Virtual Memory Tricks

krylon · on Nov 7, 2017

It might be worth pointing out that the OpenBSD developers replaced their malloc(3) implementation with one based on mmap(2) ... quite a while ago.

IIRC, it attempts to use end-of-page allocation by default for blocks of a certain size. It is also possible to enable guard pages on a per process basis or globally.

Thanks to this, memory corruption is much easier to detect and debug on OpenBSD.

slededit · on Nov 7, 2017

Windows also has this with Page Heap mode.

https://msdn.microsoft.com/en-us/library/ms220938(v=vs.90).a...

umanwizard · on Nov 7, 2017

Isn’t malloc based on mmap (or some similar equivalent like mach_vm_allocate) in all systems?

chrisseaton · on Nov 7, 2017

I think so in practice, but you could also use brk and sbrk.

quotemstr · on Nov 7, 2017

Yeah, but brk amounts to the same thing, just worse in every way.

zokier · on Nov 7, 2017

glibc malloc uses brk for small allocations (<128k) on Linux

rurban · on Nov 7, 2017

Yes, we know that OpenBSD is famous for ignoring performance. A syscall for every tiny malloc, where in normal systems the threshold is 128K.

quotemstr · on Nov 7, 2017

Except it doesn't use a syscall for every malloc. That would be crazy. It's a conventional block allocator.

krylon · on Nov 8, 2017

Not sure why you are getting downvoted.

IIRC, OpenBSD is slightly more sophisticated than issuing one syscall per call to malloc(3) and friends. Just slightly, but still. ;-)

Still, I do not like expressing disagreement by downvoting. Sorry about that.

rurban · on Nov 8, 2017

Yeah, I was a bit wrong. It does a syscall for every 4K. Normal systems use a slow syscall only for malloc > 128K. I see no other advantage than extremism in security, and giving a damn about performance.

dragontamer · on Nov 7, 2017

Shared virtual memory: when a CPU allocates a region of memory, and then the GPU synchronizes to the same region of memory.

Any reads / writes to that virtual memory address work in both CPU and GPU code. So the CPU can do highly sequential tasks like balancing a binary tree (with all of the pointers involved), while the GPU can do highly parallel tasks like traversing the tree exhaustively. Pointers inside of this shared region remain legitimate, because each address is correctly identified between the CPU and GPU.

See this for example: https://software.intel.com/en-us/articles/opencl-20-shared-v...

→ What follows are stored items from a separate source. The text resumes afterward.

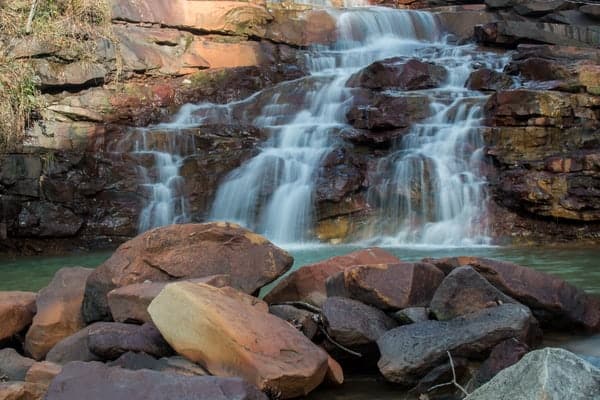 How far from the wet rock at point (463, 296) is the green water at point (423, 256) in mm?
3099

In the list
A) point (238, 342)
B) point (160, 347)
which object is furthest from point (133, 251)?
point (238, 342)

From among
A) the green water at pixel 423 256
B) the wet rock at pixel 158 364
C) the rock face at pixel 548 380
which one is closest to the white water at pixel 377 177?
the green water at pixel 423 256

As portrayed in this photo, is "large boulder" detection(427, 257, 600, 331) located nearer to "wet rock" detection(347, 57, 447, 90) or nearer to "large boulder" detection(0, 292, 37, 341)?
"large boulder" detection(0, 292, 37, 341)

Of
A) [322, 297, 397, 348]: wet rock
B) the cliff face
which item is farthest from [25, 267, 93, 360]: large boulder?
the cliff face

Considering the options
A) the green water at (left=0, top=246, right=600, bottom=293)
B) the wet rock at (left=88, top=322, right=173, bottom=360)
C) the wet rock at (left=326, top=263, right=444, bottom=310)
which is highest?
the wet rock at (left=326, top=263, right=444, bottom=310)

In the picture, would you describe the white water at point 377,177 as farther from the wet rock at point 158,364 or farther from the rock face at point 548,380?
the rock face at point 548,380

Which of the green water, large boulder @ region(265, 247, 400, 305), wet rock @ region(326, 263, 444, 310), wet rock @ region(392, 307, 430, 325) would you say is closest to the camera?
wet rock @ region(392, 307, 430, 325)

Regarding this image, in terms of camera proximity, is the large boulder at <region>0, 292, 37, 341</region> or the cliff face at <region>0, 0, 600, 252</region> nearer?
the large boulder at <region>0, 292, 37, 341</region>

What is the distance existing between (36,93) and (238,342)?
12.5 meters

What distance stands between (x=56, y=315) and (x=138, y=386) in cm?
197

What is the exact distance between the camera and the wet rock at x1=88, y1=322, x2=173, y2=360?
4.09 m

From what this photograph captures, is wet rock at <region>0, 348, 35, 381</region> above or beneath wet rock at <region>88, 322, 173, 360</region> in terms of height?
beneath

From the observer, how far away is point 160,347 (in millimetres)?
4098

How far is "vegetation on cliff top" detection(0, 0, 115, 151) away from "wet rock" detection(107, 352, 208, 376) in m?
10.5
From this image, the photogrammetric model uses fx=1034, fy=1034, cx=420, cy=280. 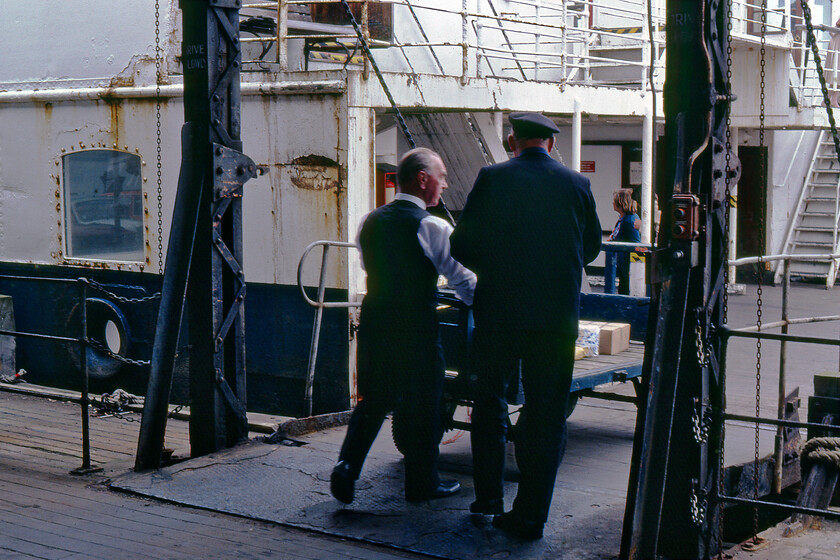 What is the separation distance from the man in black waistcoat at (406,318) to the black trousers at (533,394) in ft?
1.48

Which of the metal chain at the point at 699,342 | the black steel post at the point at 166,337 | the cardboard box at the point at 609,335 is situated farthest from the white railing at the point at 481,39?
the metal chain at the point at 699,342

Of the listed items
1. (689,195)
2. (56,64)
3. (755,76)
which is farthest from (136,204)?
(755,76)

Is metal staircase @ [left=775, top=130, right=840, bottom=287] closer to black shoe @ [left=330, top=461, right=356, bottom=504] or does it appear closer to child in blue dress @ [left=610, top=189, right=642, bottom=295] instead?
child in blue dress @ [left=610, top=189, right=642, bottom=295]

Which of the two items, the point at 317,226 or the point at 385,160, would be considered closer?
the point at 317,226

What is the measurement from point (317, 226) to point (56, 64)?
4622 millimetres

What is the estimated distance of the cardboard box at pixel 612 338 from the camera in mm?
7410

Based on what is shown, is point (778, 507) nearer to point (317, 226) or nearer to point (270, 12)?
point (317, 226)

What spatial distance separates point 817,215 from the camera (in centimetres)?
2006

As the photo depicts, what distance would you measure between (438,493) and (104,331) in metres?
7.53

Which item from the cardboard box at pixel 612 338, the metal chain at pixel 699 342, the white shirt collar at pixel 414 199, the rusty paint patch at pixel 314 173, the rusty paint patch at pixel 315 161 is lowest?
the cardboard box at pixel 612 338

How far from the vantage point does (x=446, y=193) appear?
14180 millimetres

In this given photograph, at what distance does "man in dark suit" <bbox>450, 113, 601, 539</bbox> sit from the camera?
16.7ft

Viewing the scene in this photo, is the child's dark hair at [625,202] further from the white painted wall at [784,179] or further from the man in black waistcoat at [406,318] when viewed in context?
the man in black waistcoat at [406,318]

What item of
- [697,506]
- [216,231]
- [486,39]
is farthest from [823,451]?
[486,39] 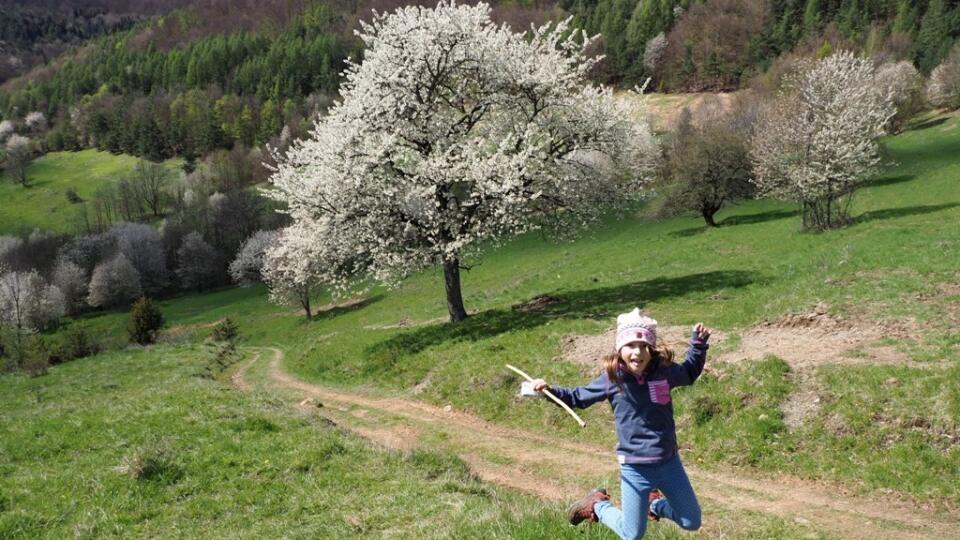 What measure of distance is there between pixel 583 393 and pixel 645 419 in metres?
0.85

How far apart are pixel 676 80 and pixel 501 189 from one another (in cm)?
15850

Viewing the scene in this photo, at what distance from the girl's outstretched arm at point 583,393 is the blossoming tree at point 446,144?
17411 mm

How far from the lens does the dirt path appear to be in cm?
997

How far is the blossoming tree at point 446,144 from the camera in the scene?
83.9ft

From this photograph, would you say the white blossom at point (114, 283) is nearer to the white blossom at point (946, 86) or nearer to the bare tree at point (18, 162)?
the bare tree at point (18, 162)

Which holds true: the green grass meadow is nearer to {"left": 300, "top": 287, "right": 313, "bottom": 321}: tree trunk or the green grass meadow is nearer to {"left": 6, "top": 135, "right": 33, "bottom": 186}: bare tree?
{"left": 300, "top": 287, "right": 313, "bottom": 321}: tree trunk

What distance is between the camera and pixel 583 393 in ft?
25.6

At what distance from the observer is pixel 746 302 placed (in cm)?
2266

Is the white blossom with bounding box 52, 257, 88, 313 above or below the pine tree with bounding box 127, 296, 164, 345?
above

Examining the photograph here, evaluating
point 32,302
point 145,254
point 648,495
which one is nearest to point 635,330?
point 648,495

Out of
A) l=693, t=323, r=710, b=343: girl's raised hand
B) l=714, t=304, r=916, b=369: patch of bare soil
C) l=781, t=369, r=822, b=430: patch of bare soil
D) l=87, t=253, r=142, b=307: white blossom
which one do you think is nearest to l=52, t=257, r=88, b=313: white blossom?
l=87, t=253, r=142, b=307: white blossom

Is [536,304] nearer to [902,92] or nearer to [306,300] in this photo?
[306,300]

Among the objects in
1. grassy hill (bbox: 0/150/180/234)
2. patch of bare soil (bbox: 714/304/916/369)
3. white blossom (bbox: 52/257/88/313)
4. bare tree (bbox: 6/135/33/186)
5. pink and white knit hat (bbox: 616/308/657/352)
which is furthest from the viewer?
bare tree (bbox: 6/135/33/186)

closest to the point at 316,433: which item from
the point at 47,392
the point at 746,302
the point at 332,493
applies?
the point at 332,493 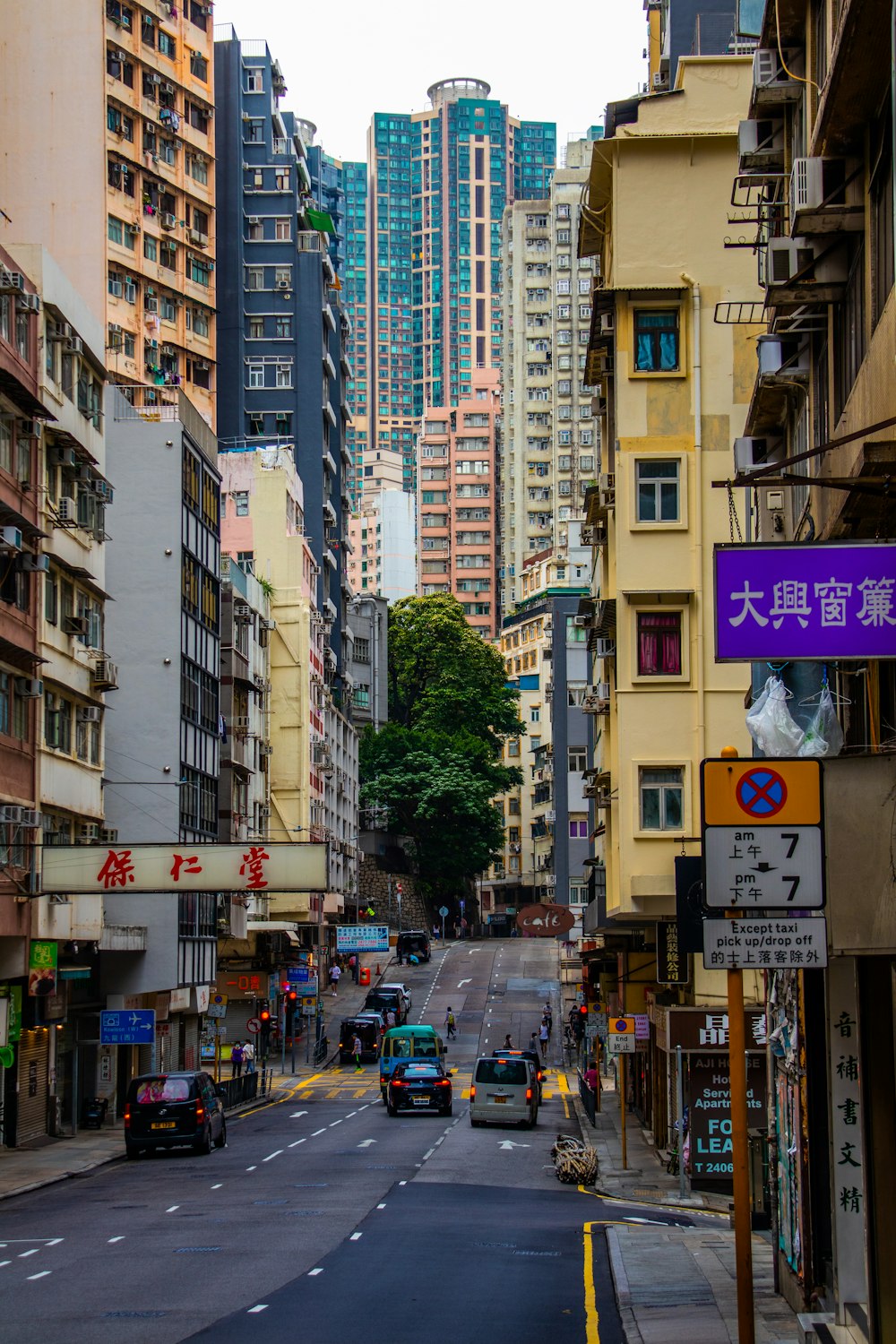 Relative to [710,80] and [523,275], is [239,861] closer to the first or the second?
[710,80]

I'm describing "Fine Grained Shared Virtual Memory" btw, in case anyone wants to know what to search for.

In effect, it works because the CPU does an mmap, and then the GPU does an mmap, and then the PCIe drivers work to keep the mmap'd region in sync. With modern acquire / release memory fence semantics + atomics properly defined, its even possible to write "Heterogeneous" code where the CPU and GPU works simultaneously on the same memory space.

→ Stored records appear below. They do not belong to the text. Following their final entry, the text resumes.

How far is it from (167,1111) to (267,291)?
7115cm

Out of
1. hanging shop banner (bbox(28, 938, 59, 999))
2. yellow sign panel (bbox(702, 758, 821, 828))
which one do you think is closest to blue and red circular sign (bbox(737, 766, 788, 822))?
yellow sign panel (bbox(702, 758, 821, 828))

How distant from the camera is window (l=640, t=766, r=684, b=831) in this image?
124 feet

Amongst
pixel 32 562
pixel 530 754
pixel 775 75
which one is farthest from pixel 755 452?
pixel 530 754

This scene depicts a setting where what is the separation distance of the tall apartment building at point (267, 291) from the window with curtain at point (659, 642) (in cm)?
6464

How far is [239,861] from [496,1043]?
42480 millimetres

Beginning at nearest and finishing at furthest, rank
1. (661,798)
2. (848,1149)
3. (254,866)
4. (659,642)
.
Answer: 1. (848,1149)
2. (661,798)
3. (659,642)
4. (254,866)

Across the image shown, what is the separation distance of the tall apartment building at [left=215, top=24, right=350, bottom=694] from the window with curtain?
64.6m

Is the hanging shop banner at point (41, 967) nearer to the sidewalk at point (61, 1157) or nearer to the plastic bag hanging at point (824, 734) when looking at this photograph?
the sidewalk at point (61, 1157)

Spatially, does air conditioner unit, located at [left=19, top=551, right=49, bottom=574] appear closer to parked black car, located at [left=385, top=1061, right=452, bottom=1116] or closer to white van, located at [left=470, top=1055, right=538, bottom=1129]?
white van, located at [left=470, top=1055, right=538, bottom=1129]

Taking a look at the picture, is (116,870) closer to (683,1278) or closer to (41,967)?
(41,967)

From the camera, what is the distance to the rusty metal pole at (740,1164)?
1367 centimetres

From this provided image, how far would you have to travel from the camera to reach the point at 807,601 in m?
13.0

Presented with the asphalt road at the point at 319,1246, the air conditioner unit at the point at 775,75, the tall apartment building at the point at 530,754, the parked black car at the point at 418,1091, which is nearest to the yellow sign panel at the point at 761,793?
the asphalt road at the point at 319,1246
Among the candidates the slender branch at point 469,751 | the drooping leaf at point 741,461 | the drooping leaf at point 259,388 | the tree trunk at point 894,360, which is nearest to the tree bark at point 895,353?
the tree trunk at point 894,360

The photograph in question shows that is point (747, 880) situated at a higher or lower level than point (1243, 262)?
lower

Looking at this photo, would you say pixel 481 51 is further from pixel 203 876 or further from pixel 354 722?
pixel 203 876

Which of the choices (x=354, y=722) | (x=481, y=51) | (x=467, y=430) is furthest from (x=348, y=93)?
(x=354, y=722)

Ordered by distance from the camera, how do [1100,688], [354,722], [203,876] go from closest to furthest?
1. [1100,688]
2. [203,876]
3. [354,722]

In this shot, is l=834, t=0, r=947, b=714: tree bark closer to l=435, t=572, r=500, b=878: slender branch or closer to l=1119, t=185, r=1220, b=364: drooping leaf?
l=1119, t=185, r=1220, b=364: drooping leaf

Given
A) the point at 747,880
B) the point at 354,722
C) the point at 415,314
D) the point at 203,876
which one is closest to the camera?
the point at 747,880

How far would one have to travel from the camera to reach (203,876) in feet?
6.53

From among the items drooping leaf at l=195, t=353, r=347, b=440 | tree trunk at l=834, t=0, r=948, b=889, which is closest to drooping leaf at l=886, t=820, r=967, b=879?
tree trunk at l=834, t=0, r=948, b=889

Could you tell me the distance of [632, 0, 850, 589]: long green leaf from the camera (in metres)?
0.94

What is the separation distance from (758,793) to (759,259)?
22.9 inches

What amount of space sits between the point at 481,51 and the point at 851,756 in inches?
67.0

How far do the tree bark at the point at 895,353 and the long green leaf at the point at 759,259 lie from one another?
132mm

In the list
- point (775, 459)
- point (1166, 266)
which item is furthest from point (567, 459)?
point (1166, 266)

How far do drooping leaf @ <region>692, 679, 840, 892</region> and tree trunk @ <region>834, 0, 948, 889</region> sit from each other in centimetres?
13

In theory. I haven't tested these features out yet, and its quite possible that current implementations are buggy. But the features exist and its totally possible (to attempt) to do this sort of stuff on hardware today.

chubot · on Nov 9, 2017

Hm I hadn't heard of this, that's interesting. That seems fragile but I'm not an expert in this area.

I found this recent CppCon video pretty interesting. It's about running vanilla C++ on (nvidia) GPUs and what the implications are for the C++ memory model:

https://www.youtube.com/watch?v=86seb-iZCnI

_dcwr · on Nov 7, 2017

I like the article and the tricks. I recall seeing a presentation by a game developer who mentioned something similar, something about intermixing actual data pages with something else (read only ones or even unusable ones?) to trigger an error in case of an out of bounds read/write that was far enough (which apparently happened often enough for this to be helpful).

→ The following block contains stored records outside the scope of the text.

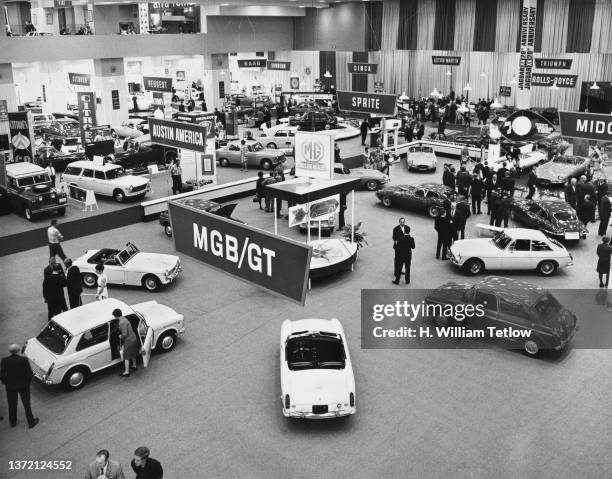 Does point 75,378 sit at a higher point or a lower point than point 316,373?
lower

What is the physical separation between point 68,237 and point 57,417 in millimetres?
10081

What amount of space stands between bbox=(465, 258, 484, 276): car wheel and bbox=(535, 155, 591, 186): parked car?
9.98 metres

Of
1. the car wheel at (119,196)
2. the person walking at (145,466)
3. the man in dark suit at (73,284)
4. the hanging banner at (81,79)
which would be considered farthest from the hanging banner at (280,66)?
the person walking at (145,466)

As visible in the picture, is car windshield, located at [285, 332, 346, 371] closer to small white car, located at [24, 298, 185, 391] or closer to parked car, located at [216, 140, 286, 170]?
small white car, located at [24, 298, 185, 391]

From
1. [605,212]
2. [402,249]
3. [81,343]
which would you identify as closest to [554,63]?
[605,212]

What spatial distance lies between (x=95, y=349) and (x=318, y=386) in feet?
13.4

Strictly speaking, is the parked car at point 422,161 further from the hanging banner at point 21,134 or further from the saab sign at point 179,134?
the hanging banner at point 21,134

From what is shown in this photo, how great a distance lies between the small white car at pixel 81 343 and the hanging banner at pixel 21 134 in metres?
17.5

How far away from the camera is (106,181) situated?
22547mm

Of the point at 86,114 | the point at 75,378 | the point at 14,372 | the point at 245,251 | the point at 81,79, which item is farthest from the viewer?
the point at 81,79

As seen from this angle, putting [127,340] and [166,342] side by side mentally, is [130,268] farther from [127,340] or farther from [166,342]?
[127,340]

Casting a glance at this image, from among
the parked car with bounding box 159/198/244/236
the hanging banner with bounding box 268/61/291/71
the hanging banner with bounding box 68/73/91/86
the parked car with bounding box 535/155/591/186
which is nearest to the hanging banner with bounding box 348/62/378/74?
the hanging banner with bounding box 268/61/291/71

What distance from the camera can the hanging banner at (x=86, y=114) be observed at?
30359 mm

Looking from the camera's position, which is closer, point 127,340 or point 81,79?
point 127,340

The address space is not actually 64 bit and it's not just the OS limiting it. The CPU/MMU/IDK (I'm not low level enough to get all this stuff) does too in some ways. I assume these values mean that I can have 2^39 bytes of actual RAM and 2^48 bytes of virtual address space:

>[frex@localhost ~]$ cat /proc/cpuinfo | grep address

>address sizes : 39 bits physical, 48 bits virtual

This also came up back when I was looking through PUC Lua 5.1 code for a paper and (out of curiosity) looking into code of PUC 5.2 and 5.3 to see the changes and into code of LuaJIT for comparison.

LuaJIT uses top bits of a pointer to store type info in case of light userdata pointers: https://www.freelists.org/post/luajit/Few-questions-about-Lu...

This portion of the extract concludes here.